Prison is big business in the US. America has the highest rate of incarceration in the world, with roughly one in every 107 adults imprisoned. The nation accounts for 5% of the world’s population, and yet 25% of its prisoners.

Astoundingly, this recent phenomenon emerged as crime rates were falling. In the mid-1980s Congress and state legislatures began quietly updating the law, creating a gaping disparity between the punishments for possessing or distributing cocaine in its rock and powder forms.

Advertisement

At the heart of the Anti-Drug Abuse Act was the 100:1 ratio, meaning that 1g of crack was the equivalent to more than 3oz of coke in Uncle Sam's eyes. Even today, the ratio has only been relaxed to a crudely disproportionate 18:1. This has penalised the poorest the hardest. All the while America's private prisons have been filling, shareholders watching their stock rise.

This overpopulation is the direct result of the crack epidemic that Freeway supplied. During his seven years in business up until 1989, he grew an empire that spread across the country from LA, down to Texas, through the Mid-West and stretching as far as New York.

Federal prosecutors estimated that over this time he purchased and sold on tons of cocaine. Literally. Adjusted for inflation, he is believed to have turned over as much as $2.5bn and pocketed some $850m in profit in the process. Eager to hide these vast illicit gains, he earned his nickname for laundering money and buying real estate up and down Los Angeles' Harbour Freeway.
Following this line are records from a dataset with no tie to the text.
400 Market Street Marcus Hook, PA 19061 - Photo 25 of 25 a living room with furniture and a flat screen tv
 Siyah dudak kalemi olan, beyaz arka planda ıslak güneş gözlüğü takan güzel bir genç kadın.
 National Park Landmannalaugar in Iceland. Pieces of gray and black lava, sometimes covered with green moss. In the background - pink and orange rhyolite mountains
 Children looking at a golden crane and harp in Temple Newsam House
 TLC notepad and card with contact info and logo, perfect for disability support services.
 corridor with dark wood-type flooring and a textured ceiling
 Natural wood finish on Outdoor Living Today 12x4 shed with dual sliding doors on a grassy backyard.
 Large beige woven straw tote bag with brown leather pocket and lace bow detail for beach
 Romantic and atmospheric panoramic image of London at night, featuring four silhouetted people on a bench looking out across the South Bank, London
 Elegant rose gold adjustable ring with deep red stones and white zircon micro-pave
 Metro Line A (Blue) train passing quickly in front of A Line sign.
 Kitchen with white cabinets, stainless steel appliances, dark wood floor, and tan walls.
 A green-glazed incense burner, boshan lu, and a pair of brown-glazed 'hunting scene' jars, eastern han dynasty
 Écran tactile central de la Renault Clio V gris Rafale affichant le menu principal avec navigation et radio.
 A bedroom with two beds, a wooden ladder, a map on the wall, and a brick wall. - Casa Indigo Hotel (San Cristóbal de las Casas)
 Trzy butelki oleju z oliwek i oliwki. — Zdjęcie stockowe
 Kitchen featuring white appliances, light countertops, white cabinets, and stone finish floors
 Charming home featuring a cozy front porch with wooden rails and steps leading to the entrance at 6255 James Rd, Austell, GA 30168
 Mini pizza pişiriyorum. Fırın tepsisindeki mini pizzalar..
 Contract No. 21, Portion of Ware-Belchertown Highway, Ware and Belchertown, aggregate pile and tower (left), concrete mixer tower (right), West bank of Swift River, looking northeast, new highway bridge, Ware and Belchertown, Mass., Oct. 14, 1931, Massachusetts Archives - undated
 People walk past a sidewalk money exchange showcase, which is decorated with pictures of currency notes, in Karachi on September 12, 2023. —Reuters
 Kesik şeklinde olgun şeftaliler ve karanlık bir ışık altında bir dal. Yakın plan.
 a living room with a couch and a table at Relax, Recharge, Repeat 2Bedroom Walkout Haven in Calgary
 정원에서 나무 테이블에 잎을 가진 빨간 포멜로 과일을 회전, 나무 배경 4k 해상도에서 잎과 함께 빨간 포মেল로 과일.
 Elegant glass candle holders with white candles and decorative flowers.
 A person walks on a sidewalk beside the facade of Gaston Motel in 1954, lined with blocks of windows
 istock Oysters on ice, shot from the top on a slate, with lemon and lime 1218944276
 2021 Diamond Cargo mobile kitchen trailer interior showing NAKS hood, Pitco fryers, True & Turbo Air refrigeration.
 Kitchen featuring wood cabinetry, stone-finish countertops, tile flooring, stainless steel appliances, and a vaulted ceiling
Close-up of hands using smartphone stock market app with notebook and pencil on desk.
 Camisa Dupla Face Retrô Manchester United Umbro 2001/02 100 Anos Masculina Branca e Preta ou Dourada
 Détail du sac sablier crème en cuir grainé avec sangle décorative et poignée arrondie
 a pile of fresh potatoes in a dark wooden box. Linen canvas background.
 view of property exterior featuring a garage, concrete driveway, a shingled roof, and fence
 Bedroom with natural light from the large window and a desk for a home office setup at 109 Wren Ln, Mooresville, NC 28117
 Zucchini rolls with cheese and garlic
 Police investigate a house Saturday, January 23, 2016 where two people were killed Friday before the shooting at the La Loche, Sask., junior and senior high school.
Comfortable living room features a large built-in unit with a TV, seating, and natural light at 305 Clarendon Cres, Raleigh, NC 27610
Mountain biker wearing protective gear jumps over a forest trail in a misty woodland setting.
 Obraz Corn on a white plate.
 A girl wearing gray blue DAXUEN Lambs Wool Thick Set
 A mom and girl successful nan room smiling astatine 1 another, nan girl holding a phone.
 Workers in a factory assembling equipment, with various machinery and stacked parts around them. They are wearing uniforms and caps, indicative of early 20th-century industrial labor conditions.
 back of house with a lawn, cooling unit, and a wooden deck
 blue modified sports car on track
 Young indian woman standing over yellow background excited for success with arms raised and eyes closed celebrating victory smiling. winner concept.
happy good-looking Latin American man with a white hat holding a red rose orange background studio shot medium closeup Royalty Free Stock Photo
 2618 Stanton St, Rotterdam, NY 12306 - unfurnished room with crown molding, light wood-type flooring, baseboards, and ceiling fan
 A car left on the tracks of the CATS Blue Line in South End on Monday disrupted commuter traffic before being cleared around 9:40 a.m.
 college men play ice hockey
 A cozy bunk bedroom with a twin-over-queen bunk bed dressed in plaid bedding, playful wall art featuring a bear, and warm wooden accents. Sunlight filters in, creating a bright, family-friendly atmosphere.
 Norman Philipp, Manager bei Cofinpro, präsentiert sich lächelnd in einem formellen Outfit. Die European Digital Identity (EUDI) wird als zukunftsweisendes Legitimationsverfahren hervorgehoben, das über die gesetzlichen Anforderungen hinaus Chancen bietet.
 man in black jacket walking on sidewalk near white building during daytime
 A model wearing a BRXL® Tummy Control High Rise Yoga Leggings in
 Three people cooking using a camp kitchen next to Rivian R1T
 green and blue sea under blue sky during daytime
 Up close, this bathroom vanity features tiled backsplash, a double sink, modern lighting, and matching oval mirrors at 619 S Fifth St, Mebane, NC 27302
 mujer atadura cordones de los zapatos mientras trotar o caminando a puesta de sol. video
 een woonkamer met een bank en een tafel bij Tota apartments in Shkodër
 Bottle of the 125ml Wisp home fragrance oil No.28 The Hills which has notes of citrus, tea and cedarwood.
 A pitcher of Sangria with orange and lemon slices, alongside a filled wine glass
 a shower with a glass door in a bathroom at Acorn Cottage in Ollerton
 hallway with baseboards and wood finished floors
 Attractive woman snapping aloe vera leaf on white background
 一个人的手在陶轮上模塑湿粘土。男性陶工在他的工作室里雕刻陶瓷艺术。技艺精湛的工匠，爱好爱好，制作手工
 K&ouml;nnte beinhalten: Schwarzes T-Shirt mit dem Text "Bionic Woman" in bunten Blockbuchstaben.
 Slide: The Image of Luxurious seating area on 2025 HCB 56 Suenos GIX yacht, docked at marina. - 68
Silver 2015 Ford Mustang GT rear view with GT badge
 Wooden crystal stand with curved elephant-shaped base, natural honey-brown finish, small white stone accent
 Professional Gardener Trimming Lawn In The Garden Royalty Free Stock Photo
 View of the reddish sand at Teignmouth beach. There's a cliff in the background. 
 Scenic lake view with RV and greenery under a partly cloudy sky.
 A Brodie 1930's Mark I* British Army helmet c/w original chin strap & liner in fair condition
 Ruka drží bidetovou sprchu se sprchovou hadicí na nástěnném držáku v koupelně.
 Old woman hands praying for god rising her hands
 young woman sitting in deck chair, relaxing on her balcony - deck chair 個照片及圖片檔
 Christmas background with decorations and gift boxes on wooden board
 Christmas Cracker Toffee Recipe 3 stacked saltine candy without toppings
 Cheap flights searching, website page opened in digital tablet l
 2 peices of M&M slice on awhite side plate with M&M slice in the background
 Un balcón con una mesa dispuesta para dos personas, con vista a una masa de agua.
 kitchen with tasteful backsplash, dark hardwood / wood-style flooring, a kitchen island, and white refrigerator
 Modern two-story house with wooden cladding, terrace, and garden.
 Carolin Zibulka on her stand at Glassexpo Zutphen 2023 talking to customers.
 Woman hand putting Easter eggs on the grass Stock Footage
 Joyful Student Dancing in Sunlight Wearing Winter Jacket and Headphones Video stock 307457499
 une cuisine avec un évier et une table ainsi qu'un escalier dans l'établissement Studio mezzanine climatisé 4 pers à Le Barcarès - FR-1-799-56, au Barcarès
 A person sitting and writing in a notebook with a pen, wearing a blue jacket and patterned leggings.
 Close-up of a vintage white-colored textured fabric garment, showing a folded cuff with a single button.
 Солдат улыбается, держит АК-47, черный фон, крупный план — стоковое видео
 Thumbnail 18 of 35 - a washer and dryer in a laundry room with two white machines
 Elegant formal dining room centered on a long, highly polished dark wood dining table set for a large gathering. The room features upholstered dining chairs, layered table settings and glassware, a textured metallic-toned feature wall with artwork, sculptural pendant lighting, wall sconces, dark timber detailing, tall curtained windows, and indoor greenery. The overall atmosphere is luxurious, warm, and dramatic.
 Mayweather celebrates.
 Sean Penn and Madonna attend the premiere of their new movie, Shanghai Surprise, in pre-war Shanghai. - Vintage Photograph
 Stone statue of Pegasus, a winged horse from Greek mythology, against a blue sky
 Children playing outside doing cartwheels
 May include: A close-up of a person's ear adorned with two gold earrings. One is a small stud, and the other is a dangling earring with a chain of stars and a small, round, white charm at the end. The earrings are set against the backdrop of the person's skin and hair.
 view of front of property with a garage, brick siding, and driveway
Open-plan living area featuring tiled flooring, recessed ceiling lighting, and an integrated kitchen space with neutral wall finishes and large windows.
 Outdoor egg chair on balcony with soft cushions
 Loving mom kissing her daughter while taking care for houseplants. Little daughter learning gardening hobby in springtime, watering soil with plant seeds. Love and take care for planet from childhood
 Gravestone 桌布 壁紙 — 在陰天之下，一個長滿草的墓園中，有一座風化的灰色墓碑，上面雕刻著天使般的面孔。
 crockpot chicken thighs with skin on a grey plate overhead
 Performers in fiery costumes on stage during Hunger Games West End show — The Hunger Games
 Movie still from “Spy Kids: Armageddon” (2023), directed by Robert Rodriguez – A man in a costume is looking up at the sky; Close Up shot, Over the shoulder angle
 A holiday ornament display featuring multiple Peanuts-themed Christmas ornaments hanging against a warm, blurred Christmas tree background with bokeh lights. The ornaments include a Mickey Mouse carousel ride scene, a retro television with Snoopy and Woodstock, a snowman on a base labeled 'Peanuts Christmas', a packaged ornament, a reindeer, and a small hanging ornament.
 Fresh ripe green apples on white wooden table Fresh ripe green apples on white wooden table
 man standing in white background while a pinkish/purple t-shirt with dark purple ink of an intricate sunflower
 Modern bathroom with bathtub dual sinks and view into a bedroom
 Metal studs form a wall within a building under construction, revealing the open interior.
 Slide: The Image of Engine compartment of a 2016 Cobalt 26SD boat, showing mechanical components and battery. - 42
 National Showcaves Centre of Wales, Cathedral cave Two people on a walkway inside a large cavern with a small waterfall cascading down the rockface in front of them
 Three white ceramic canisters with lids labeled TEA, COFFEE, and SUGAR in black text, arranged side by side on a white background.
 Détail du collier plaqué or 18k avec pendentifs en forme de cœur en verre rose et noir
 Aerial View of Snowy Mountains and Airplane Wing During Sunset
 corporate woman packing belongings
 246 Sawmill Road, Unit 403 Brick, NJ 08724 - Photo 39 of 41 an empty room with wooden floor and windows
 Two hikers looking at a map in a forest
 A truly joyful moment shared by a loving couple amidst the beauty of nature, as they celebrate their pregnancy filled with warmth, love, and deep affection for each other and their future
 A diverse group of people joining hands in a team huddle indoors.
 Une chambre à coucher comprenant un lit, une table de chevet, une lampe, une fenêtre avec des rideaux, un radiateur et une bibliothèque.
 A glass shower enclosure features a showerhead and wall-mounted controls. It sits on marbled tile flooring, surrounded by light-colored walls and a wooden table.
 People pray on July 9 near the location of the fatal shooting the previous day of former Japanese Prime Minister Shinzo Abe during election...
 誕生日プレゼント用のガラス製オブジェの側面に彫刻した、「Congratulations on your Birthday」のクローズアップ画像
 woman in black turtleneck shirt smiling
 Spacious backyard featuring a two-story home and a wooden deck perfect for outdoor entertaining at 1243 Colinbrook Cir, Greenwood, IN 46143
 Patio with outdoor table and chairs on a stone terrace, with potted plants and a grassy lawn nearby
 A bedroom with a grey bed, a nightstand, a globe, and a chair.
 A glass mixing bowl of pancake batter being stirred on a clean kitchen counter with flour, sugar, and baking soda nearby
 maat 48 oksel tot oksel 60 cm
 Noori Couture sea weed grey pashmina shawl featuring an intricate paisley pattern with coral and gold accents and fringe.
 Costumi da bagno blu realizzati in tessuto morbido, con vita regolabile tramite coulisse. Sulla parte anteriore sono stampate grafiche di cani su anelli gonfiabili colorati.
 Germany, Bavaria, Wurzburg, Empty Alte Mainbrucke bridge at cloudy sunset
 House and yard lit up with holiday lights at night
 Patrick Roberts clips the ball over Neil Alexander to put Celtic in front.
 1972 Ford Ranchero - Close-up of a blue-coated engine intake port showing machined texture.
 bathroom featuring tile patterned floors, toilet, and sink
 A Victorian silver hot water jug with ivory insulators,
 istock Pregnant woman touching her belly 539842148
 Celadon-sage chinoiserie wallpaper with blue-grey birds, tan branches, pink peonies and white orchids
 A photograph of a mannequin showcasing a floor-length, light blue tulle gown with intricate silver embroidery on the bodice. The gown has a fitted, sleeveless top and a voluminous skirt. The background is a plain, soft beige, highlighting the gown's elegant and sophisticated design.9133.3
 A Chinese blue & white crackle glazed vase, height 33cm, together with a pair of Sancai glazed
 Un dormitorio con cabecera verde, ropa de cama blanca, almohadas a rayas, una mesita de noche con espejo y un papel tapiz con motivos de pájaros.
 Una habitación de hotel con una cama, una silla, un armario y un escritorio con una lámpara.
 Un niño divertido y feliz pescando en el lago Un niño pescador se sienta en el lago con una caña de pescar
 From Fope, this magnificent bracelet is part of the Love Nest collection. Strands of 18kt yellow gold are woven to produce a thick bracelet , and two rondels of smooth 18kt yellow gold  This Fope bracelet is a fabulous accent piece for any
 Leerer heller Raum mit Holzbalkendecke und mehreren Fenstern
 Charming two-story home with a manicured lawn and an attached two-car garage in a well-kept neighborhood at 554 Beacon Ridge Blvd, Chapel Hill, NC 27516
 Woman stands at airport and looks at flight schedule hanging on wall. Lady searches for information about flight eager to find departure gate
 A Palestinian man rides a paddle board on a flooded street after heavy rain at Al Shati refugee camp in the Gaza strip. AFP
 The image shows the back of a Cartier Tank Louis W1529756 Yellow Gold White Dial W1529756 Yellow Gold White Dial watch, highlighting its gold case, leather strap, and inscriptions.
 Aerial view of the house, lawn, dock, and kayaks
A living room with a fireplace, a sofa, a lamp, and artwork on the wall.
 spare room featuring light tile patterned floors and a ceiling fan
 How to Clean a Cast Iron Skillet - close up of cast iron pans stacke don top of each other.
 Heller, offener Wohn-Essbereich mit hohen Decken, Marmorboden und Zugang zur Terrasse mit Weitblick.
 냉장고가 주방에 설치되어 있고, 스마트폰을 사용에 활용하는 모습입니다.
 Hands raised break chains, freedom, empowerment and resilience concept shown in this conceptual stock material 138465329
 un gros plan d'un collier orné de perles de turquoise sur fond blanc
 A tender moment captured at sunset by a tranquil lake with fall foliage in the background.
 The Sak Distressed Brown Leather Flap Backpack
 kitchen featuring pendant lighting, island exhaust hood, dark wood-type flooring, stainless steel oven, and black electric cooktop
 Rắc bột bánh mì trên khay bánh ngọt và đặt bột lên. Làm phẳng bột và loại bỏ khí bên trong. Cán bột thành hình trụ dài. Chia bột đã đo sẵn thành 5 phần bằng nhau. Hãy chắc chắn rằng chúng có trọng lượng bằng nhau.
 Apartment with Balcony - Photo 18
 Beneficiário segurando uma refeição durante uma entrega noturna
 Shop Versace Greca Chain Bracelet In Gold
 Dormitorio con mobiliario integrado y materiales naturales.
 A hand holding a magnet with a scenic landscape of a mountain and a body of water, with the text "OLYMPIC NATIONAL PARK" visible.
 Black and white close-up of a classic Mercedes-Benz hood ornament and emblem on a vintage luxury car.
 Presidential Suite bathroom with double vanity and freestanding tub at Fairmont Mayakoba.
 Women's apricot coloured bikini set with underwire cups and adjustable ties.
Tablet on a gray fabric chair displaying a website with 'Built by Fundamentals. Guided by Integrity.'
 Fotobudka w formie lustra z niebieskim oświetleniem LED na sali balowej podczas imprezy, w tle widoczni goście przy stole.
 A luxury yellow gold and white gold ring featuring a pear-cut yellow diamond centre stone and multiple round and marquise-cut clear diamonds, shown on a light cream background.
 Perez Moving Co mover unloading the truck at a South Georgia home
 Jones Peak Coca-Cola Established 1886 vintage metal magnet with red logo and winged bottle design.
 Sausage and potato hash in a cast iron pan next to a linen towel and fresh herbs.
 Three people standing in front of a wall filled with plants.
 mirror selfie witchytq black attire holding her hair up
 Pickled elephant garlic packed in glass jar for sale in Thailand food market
Little did he know at the time he was a small piece in a big game. Freeway's connect, Danilo Blandón, imported cocaine with impunity and sent the proceeds back to his native Nicaragua where a proxy war was being fought. On one side, the Russia-backed Sandinista revolutionists, and on the other the Contras.

The White House did not want communism on its back door at any cost and so the CIA covertly armed the Contras, violating the Boland Amendment. At the same time the US government turned a blind eye to Blandón, effectively sanctioning his imports to support the cause in Nicaragua. The whole messy business eventually came to a head when the FBI arrested Blandón, who Freeway accuses for his own eventual capture.

Advertisement

The facts of the CIA's involvement with Blandón specifically, and role in the cocaine trade more generally, are fuzzy. But following an internal investigation, the agency's one-time Inspector General Frederick Hitz testified before a House congressional committee that:

“There are instances where CIA did not, in an expeditious or consistent fashion, cut off relationships with individuals supporting the Contra program who were alleged to have engaged in drug trafficking activity or take action to resolve the allegations.”

More incriminating still, Ronald Regan was forced to broadcast a message to the nation, assuming responsibility for his administration's involvement in what came to be known as the Iran-Contra affair. By the government's own admission, it had engaged in arms-for-hostages trading with Iran and aided guerilla militants in Nicaragua for its own ends.

Freeway's story is as unbelievable as that alleged music industry meeting back in 1991. And yet an overwhelming cache of evidence says it's true.

A free man, the reformed drug trafficker now lives in a topsy-turvy world. For him it's a place where fraudsters are paid to rap mobster tales to grease the wheels of a capitalist prison machine. And where there is no place for rehabilitated men with guidance to offer.

“There is nobody alive right now in America, for sure, who has more experience in selling drugs than I do,” says Freeway, without a hint of pride. “Who better than myself to tell the kids that selling drugs is not beneficial?”

As for the Rick Ross deception, and as it is for debunking any conspiracy, it's impossible to prove a negative. Does the music industry have a financial interest in the US penitentiary system or not? It almost doesn't matter. Either way, corporate America continues to profiteer from selling profoundly negative stereotypes. But in William Leonard Roberts II, Freeway Ricky Ross sees more than just a stereotype. He sees himself.